• Your goal:
When you write out the listing, keep every character and omit the pictures.

• Provided material:

-*-

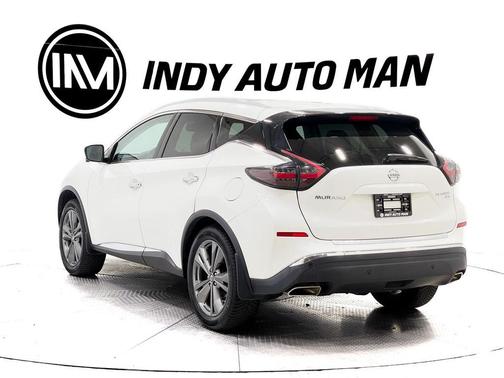 2019 Nissan Murano Platinum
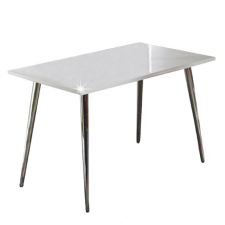 Homelux Szögletes étkezőasztal LT5231 króm bútor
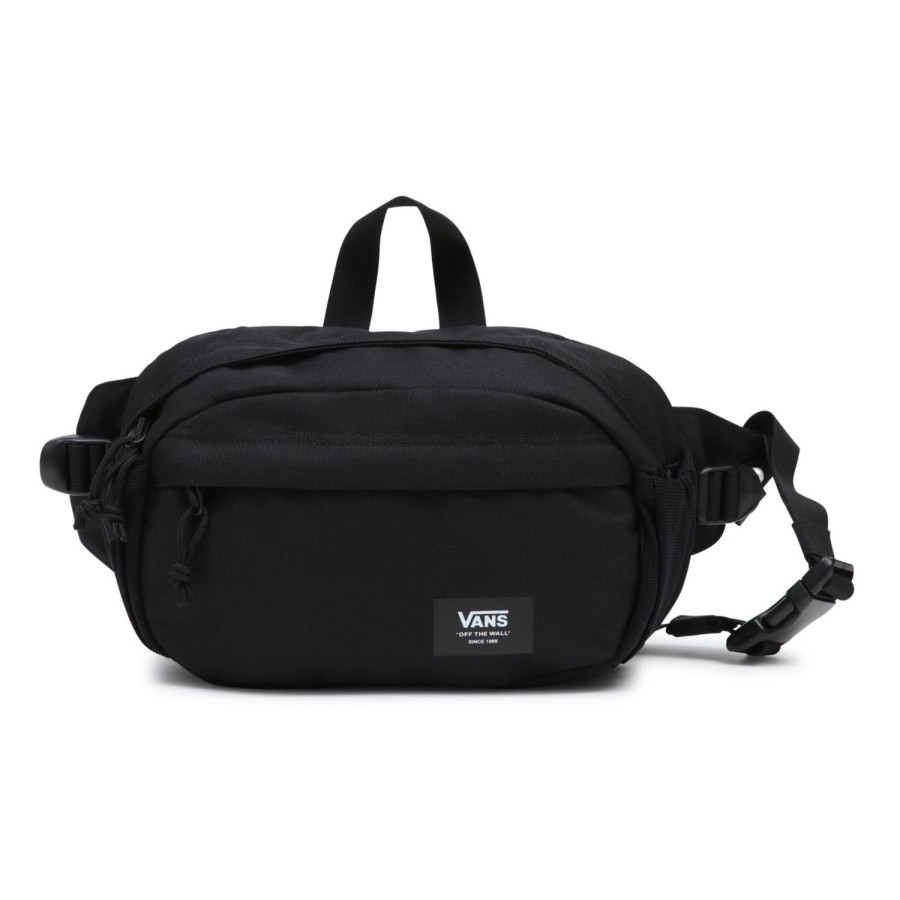 Herren VANS Taschen & Rucksacke | Bounds Umhangetasche Schwarz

-*-

• Written answer:
 2019 Nissan Murano Platinum
 Homelux Szögletes étkezőasztal LT5231 króm bútor
 Herren VANS Taschen & Rucksacke | Bounds Umhangetasche Schwarz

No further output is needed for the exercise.